Nothing should differ. Repeat every record as written.

INPUT MATERIAL —

_____

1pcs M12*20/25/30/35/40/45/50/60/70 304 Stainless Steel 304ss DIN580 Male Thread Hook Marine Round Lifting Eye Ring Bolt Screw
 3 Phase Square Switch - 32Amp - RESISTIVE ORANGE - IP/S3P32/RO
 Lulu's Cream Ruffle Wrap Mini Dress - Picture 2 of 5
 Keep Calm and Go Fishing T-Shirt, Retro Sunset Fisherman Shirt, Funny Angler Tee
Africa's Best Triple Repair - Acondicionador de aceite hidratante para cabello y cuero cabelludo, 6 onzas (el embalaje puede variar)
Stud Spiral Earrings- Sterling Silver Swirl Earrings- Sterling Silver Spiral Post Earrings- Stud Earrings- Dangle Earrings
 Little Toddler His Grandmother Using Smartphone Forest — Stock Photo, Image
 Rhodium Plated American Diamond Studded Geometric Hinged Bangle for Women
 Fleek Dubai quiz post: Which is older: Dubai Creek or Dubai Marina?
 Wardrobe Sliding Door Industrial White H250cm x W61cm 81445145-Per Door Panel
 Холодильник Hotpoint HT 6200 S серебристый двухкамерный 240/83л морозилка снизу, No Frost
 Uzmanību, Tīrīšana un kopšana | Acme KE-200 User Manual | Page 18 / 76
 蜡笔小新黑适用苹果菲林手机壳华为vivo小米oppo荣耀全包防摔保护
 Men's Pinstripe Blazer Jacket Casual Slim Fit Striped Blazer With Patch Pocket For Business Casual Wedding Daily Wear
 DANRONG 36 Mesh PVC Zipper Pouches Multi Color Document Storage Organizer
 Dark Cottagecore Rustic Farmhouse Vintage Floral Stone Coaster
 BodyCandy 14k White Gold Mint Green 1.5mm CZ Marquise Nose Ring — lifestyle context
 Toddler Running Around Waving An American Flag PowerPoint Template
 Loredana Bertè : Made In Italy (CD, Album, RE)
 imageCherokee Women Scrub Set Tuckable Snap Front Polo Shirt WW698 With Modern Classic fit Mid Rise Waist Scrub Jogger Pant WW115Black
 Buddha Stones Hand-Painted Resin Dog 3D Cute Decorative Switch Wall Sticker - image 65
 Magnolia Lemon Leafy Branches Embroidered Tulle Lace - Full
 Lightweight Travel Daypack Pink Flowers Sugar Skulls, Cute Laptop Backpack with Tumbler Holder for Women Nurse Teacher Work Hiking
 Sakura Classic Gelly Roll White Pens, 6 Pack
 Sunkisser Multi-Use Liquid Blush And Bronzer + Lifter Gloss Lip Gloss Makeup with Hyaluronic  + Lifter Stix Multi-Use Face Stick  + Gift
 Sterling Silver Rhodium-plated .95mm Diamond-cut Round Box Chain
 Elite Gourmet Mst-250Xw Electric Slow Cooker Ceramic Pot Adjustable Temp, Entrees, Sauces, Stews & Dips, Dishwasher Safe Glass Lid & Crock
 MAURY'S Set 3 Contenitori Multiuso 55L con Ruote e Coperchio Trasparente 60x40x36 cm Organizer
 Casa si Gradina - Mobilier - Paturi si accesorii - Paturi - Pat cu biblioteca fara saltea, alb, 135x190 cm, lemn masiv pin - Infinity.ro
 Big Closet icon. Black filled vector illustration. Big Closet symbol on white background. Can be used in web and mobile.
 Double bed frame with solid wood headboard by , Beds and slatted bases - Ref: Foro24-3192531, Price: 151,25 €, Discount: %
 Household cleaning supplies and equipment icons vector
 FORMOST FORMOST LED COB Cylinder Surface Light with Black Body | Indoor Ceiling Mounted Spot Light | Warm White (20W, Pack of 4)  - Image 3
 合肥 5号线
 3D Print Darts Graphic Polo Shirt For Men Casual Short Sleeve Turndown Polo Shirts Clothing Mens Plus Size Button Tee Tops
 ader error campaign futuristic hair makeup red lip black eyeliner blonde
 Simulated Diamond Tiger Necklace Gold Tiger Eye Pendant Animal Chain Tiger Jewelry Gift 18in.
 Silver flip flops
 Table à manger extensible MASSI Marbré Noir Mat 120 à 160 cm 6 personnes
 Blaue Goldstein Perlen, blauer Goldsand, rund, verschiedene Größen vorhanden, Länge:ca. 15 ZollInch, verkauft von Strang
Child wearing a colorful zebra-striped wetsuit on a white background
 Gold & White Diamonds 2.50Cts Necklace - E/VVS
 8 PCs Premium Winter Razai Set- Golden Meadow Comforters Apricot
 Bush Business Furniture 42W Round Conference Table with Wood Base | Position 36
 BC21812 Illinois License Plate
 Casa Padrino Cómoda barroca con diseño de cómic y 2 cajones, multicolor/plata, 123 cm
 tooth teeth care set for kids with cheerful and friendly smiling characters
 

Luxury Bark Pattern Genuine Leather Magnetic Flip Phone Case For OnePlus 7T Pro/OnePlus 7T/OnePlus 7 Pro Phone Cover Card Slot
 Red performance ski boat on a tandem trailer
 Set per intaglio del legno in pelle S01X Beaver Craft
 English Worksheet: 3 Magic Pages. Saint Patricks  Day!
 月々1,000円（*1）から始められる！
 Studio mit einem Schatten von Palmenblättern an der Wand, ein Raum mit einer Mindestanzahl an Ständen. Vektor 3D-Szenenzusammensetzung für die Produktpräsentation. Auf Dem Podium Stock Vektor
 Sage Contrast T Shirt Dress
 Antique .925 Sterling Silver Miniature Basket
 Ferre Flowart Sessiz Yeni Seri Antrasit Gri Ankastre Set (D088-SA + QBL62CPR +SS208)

_____

EXERCISE ANSWER —
1pcs M12*20/25/30/35/40/45/50/60/70 304 Stainless Steel 304ss DIN580 Male Thread Hook Marine Round Lifting Eye Ring Bolt Screw
 3 Phase Square Switch - 32Amp - RESISTIVE ORANGE - IP/S3P32/RO
 Lulu's Cream Ruffle Wrap Mini Dress - Picture 2 of 5
 Keep Calm and Go Fishing T-Shirt, Retro Sunset Fisherman Shirt, Funny Angler Tee
Africa's Best Triple Repair - Acondicionador de aceite hidratante para cabello y cuero cabelludo, 6 onzas (el embalaje puede variar)
Stud Spiral Earrings- Sterling Silver Swirl Earrings- Sterling Silver Spiral Post Earrings- Stud Earrings- Dangle Earrings
 Little Toddler His Grandmother Using Smartphone Forest — Stock Photo, Image
 Rhodium Plated American Diamond Studded Geometric Hinged Bangle for Women
 Fleek Dubai quiz post: Which is older: Dubai Creek or Dubai Marina?
 Wardrobe Sliding Door Industrial White H250cm x W61cm 81445145-Per Door Panel
 Холодильник Hotpoint HT 6200 S серебристый двухкамерный 240/83л морозилка снизу, No Frost
 Uzmanību, Tīrīšana un kopšana | Acme KE-200 User Manual | Page 18 / 76
 蜡笔小新黑适用苹果菲林手机壳华为vivo小米oppo荣耀全包防摔保护
 Men's Pinstripe Blazer Jacket Casual Slim Fit Striped Blazer With Patch Pocket For Business Casual Wedding Daily Wear
 DANRONG 36 Mesh PVC Zipper Pouches Multi Color Document Storage Organizer
 Dark Cottagecore Rustic Farmhouse Vintage Floral Stone Coaster
 BodyCandy 14k White Gold Mint Green 1.5mm CZ Marquise Nose Ring — lifestyle context
 Toddler Running Around Waving An American Flag PowerPoint Template
 Loredana Bertè : Made In Italy (CD, Album, RE)
 imageCherokee Women Scrub Set Tuckable Snap Front Polo Shirt WW698 With Modern Classic fit Mid Rise Waist Scrub Jogger Pant WW115Black
 Buddha Stones Hand-Painted Resin Dog 3D Cute Decorative Switch Wall Sticker - image 65
 Magnolia Lemon Leafy Branches Embroidered Tulle Lace - Full
 Lightweight Travel Daypack Pink Flowers Sugar Skulls, Cute Laptop Backpack with Tumbler Holder for Women Nurse Teacher Work Hiking
 Sakura Classic Gelly Roll White Pens, 6 Pack
 Sunkisser Multi-Use Liquid Blush And Bronzer + Lifter Gloss Lip Gloss Makeup with Hyaluronic  + Lifter Stix Multi-Use Face Stick  + Gift
 Sterling Silver Rhodium-plated .95mm Diamond-cut Round Box Chain
 Elite Gourmet Mst-250Xw Electric Slow Cooker Ceramic Pot Adjustable Temp, Entrees, Sauces, Stews & Dips, Dishwasher Safe Glass Lid & Crock
 MAURY'S Set 3 Contenitori Multiuso 55L con Ruote e Coperchio Trasparente 60x40x36 cm Organizer
 Casa si Gradina - Mobilier - Paturi si accesorii - Paturi - Pat cu biblioteca fara saltea, alb, 135x190 cm, lemn masiv pin - Infinity.ro
 Big Closet icon. Black filled vector illustration. Big Closet symbol on white background. Can be used in web and mobile.
 Double bed frame with solid wood headboard by , Beds and slatted bases - Ref: Foro24-3192531, Price: 151,25 €, Discount: %
 Household cleaning supplies and equipment icons vector
 FORMOST FORMOST LED COB Cylinder Surface Light with Black Body | Indoor Ceiling Mounted Spot Light | Warm White (20W, Pack of 4)  - Image 3
 合肥 5号线
 3D Print Darts Graphic Polo Shirt For Men Casual Short Sleeve Turndown Polo Shirts Clothing Mens Plus Size Button Tee Tops
 ader error campaign futuristic hair makeup red lip black eyeliner blonde
 Simulated Diamond Tiger Necklace Gold Tiger Eye Pendant Animal Chain Tiger Jewelry Gift 18in.
 Silver flip flops
 Table à manger extensible MASSI Marbré Noir Mat 120 à 160 cm 6 personnes
 Blaue Goldstein Perlen, blauer Goldsand, rund, verschiedene Größen vorhanden, Länge:ca. 15 ZollInch, verkauft von Strang
Child wearing a colorful zebra-striped wetsuit on a white background
 Gold & White Diamonds 2.50Cts Necklace - E/VVS
 8 PCs Premium Winter Razai Set- Golden Meadow Comforters Apricot
 Bush Business Furniture 42W Round Conference Table with Wood Base | Position 36
 BC21812 Illinois License Plate
 Casa Padrino Cómoda barroca con diseño de cómic y 2 cajones, multicolor/plata, 123 cm
 tooth teeth care set for kids with cheerful and friendly smiling characters
 

Luxury Bark Pattern Genuine Leather Magnetic Flip Phone Case For OnePlus 7T Pro/OnePlus 7T/OnePlus 7 Pro Phone Cover Card Slot
 Red performance ski boat on a tandem trailer
 Set per intaglio del legno in pelle S01X Beaver Craft
 English Worksheet: 3 Magic Pages. Saint Patricks  Day!
 月々1,000円（*1）から始められる！
 Studio mit einem Schatten von Palmenblättern an der Wand, ein Raum mit einer Mindestanzahl an Ständen. Vektor 3D-Szenenzusammensetzung für die Produktpräsentation. Auf Dem Podium Stock Vektor
 Sage Contrast T Shirt Dress
 Antique .925 Sterling Silver Miniature Basket
 Ferre Flowart Sessiz Yeni Seri Antrasit Gri Ankastre Set (D088-SA + QBL62CPR +SS208)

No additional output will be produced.